WHAT THE TASK REQUIRES:
Only one portion of the data is to be written out: from the line bearing "EPIPHANY 16 Oz" through the line bearing "NER_HCR_Factsheet_Profil Site de". Write it exactly as it appears.

■ ■ ■ ■ ■ ■ ■

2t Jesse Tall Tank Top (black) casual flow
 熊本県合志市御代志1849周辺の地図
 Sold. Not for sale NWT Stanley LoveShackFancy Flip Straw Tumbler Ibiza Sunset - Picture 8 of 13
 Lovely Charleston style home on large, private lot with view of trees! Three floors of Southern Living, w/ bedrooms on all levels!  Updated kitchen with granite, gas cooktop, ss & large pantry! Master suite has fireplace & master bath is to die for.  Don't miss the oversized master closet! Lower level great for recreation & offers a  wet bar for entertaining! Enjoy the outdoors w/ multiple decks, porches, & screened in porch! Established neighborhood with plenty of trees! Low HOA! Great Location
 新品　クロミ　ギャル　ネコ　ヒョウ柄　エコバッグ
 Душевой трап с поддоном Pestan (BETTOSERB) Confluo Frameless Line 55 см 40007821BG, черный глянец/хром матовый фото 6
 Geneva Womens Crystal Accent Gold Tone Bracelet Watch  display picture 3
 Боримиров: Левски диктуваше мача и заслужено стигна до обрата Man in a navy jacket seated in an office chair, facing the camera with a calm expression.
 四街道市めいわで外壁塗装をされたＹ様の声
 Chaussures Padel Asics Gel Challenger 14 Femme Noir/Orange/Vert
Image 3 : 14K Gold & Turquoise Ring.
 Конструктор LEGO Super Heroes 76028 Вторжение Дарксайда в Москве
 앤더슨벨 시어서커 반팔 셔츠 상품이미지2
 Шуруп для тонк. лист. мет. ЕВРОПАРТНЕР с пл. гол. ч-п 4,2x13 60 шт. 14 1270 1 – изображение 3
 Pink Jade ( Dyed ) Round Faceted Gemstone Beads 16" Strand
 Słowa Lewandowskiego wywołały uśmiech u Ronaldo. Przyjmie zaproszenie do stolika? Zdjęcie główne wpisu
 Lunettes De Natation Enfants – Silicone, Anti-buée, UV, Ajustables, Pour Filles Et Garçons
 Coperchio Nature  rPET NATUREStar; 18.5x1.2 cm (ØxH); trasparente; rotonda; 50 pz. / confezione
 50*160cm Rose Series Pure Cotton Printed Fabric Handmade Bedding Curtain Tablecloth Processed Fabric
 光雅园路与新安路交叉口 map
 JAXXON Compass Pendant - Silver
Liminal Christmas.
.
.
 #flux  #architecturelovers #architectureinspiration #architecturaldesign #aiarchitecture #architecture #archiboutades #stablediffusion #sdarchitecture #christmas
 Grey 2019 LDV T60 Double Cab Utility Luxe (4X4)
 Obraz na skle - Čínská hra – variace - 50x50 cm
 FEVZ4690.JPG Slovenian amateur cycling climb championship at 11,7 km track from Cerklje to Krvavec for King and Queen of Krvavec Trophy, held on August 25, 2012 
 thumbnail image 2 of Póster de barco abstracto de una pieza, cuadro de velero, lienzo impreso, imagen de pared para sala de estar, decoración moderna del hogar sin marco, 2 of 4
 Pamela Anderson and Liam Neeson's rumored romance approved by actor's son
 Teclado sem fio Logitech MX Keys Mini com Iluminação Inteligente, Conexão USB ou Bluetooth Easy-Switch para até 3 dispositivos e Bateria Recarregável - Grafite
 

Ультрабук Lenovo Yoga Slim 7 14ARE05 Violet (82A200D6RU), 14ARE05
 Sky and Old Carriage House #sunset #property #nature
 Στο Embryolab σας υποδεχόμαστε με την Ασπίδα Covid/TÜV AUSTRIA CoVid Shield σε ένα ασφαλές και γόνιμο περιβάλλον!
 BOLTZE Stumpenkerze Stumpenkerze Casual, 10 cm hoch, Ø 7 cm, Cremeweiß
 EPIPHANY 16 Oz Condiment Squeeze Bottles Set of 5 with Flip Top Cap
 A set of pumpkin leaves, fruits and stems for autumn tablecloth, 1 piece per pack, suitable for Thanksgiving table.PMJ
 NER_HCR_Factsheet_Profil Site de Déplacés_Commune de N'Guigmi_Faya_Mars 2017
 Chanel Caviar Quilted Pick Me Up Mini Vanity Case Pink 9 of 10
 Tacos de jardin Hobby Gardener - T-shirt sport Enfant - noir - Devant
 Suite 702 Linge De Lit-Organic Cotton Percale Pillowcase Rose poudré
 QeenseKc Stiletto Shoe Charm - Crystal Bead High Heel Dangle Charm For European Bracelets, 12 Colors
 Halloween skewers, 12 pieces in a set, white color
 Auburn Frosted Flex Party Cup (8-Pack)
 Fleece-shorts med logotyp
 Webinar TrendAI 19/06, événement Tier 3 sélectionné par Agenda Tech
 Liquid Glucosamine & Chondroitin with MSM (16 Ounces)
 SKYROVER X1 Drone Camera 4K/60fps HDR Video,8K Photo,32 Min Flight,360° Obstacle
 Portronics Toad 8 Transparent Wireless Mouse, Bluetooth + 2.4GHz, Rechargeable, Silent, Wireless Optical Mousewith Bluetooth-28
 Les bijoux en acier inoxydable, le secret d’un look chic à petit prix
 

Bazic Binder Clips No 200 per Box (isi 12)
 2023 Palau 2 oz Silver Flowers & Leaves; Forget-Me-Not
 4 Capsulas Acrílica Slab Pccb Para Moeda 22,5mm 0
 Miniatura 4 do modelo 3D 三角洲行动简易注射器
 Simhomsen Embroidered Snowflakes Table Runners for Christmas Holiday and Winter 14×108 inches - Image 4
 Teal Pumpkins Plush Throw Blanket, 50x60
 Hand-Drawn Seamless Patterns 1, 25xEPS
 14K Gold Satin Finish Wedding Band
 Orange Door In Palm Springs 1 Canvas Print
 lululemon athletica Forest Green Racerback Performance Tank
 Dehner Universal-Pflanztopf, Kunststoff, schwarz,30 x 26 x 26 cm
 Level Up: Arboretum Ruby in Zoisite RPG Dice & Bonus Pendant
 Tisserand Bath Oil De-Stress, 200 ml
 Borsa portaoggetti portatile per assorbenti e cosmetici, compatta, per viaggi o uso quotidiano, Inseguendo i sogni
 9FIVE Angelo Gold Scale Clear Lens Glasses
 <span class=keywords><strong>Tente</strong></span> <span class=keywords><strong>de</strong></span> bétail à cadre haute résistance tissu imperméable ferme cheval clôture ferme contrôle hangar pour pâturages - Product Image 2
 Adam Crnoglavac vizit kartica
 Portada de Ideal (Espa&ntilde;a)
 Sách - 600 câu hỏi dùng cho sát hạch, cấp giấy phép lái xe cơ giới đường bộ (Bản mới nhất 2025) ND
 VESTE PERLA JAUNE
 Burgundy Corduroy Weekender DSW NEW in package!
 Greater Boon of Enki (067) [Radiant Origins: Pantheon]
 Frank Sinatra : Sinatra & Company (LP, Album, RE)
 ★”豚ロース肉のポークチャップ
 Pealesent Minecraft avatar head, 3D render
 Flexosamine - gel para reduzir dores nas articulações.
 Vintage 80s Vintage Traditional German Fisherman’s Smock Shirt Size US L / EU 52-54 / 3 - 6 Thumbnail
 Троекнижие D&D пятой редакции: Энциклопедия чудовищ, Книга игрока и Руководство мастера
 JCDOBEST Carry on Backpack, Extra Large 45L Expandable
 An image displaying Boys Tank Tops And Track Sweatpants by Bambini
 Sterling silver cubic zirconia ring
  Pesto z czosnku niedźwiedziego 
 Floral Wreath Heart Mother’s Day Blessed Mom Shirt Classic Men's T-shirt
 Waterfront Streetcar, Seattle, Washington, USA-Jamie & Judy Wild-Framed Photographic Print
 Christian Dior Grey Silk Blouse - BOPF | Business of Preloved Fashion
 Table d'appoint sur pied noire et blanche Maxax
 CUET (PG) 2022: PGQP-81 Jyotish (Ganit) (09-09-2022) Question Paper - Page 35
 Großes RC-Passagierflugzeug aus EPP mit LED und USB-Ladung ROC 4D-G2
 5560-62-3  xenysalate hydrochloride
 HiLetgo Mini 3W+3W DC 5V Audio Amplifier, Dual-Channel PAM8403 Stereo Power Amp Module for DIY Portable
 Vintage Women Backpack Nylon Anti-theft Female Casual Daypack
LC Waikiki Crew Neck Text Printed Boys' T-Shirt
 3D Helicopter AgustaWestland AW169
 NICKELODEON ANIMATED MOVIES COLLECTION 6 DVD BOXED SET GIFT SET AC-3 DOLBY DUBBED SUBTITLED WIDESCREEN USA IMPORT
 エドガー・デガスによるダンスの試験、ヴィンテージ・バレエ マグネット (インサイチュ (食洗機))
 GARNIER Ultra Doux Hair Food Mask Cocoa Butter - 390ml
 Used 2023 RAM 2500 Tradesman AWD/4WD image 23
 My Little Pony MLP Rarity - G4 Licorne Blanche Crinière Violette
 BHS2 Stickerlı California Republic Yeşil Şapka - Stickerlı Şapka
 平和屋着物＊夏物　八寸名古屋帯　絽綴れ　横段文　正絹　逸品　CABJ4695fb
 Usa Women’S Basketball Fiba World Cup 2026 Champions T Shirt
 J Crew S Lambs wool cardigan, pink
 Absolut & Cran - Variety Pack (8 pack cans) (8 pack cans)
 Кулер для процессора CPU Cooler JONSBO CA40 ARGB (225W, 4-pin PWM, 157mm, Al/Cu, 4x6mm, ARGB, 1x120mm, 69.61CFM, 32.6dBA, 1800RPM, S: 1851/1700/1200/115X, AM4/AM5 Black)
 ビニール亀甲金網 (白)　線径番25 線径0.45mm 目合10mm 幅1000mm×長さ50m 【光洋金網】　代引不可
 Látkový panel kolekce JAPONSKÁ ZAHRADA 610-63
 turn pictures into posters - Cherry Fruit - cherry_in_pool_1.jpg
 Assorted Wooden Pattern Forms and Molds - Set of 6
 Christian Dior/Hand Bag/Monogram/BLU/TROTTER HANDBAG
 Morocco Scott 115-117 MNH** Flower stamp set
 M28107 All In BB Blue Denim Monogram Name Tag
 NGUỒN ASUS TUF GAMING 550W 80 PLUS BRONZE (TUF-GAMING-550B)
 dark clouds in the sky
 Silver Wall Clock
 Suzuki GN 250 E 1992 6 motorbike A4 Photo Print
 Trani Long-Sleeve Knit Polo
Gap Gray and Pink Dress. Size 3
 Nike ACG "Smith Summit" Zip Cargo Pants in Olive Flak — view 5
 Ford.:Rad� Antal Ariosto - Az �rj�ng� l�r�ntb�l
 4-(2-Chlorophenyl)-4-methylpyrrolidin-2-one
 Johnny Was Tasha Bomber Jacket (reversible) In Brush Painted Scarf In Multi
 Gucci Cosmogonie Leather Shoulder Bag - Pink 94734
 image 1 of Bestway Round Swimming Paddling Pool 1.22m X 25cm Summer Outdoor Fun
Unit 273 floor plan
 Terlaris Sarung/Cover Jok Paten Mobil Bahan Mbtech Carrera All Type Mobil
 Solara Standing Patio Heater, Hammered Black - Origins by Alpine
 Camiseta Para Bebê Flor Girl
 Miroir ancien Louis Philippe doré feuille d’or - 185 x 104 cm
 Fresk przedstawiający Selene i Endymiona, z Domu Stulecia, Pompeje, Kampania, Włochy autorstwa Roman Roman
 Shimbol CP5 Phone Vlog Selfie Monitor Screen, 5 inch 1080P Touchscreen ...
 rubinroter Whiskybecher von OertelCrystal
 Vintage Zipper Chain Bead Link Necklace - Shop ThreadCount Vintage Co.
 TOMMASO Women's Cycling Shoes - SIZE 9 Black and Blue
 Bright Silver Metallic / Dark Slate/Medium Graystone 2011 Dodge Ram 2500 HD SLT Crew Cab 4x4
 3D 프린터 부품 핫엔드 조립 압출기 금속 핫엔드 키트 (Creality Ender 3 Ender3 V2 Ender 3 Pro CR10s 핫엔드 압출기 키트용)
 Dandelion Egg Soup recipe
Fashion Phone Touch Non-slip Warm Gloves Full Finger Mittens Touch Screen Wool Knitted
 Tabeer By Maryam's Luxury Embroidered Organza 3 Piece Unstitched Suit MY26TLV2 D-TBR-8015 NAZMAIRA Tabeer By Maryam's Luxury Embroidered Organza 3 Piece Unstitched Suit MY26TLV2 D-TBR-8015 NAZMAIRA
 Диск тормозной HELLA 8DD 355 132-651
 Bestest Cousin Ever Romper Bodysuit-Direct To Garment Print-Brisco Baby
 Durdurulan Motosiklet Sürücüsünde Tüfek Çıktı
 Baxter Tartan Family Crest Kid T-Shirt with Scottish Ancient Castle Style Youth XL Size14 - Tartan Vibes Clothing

■ ■ ■ ■ ■ ■ ■

YOUR RESPONSE:
 EPIPHANY 16 Oz Condiment Squeeze Bottles Set of 5 with Flip Top Cap
 A set of pumpkin leaves, fruits and stems for autumn tablecloth, 1 piece per pack, suitable for Thanksgiving table.PMJ
 NER_HCR_Factsheet_Profil Site de Déplacés_Commune de N'Guigmi_Faya_Mars 2017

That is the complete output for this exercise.